All of this is an effort by China to diminish the impact of U.S. tariffs against their exports. However, all of this cumulative effort, while small in the individual pieces, when added up is a big economic cost to Beijing. Thus the overall economic loss is starting to snowball as the accumulation of offsets is beginning to aggregate. They cannot continue indefinitely.
China is suffering a slow death by a thousand paper-cuts. The bleeding of cash in combination with the direct loss of $75 billion in annualized exported products that U.S. companies have now sourced from alternative ASEAN nations is biting hard.
The direct outcome is also a drop in China’s purchasing of industrial goods they would normally use in the manufacturing process. This lack of Chinese purchasing is one of the top reasons for the stall in the European economy.

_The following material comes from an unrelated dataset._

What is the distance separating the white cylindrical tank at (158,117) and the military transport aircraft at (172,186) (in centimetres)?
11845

There is a natural lag as supply chains reorient. The ASEAN nations that have picked up U.S. manufacturing contracts first go through a process of increased productivity, expanded utilization of existing manufacturing, before they need to expand to new facilities. Machines operate 20 hours daily – instead of 16 hours; more shifts are added, etc. Until production reaches 100% capacity no ASEAN group is going to purchase the warehoused industrial machinery, not purchased by China, and being stored in the EU.

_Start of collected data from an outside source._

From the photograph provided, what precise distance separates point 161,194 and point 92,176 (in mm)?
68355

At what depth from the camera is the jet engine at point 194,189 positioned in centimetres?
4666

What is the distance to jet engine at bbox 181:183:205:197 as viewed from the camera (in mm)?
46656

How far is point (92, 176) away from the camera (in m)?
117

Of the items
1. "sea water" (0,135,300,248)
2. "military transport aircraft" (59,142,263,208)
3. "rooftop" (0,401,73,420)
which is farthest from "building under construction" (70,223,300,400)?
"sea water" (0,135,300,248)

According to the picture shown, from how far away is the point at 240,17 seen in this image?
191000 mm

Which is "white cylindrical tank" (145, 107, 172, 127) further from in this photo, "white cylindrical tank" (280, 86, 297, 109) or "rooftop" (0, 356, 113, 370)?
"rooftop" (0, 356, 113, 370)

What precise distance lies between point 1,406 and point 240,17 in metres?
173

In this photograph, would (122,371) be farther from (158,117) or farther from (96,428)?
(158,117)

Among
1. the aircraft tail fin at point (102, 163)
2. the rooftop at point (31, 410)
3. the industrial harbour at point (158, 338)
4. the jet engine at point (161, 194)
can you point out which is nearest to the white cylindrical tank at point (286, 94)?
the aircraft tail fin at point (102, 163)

In this investment, lending and financing dynamic, is where the current Wall Street multinational corps and banks are stalled and watching closely. No-one wants to drop $100 million to help expand a textile company in Vietnam, if Mexico -via the USMCA- ends up being a more cost efficient location. This status is why passage of the USMCA is an important next step for President Trump’s global trade reset.
A final word on a question often asked. What is President Trump doing with the trade negotiations with China? What’s his end?

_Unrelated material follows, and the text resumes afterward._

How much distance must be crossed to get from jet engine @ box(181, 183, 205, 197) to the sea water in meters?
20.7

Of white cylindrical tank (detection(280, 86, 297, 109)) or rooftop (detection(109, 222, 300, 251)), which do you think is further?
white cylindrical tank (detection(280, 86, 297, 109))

The answer to that question is actually where one must overlay Trump’s history of energy policy, with the visible signs of his China trade reset that began with his visit to Southeast Asia in November 2017.
President Trump is famously impatient in achieving a financial objective. He is known to have well thought plans, but he is also known to not pause long when executing his plan. This economic impatience may seem to be at odds with the majority of the financial media who say President Trump is playing a long-game with Chairman Xi Jinping.
ERGO the dichotomy is explained thus: If President Trump is famously impatient, then why is he being so deliberate and painfully slow in achieving a deal with Chairman Xi?…
Here’s the ‘ah-ha’ moment.
….The current status with China was the final objective.
President Trump looks like he’s being stunningly patient because President Trump achieved his goal when no-one was paying attention. We are already past the success point.
The goal is essentially achieved.
There is no actual intent to reach a trade deal with China where the U.S. drops the tariffs and returns to holding hands with a happy panda playing by new rules. This fictional narrative is a figment of fantasy being sold by a financial media that cannot fathom a U.S. President would be so bold as to just walk away from China.
That ‘walk away’ is exactly what President Trump did when he left all of those meetings in Southeast Asia in 2017; and every moment since has been setting up, and firming up, an entirely new global supply chain without China.
President Trump is not currently engaged in a substantive trade agreement in the formal way people are thinking about it. Instead “Phase-One” is simply President Trump negotiating the terms of a big Agricultural purchase commitment from Beijing, and also protecting some very specific U.S. business interests (think Apple Co.) in the process.
The actual goal of President Trump’s U.S-China trade reset is a complete decoupling of U.S. critical manufacturing within China.
President Trump does not express angst, frustration, or even disappointment over the U.S-China trade discussions because the decoupling is well underway.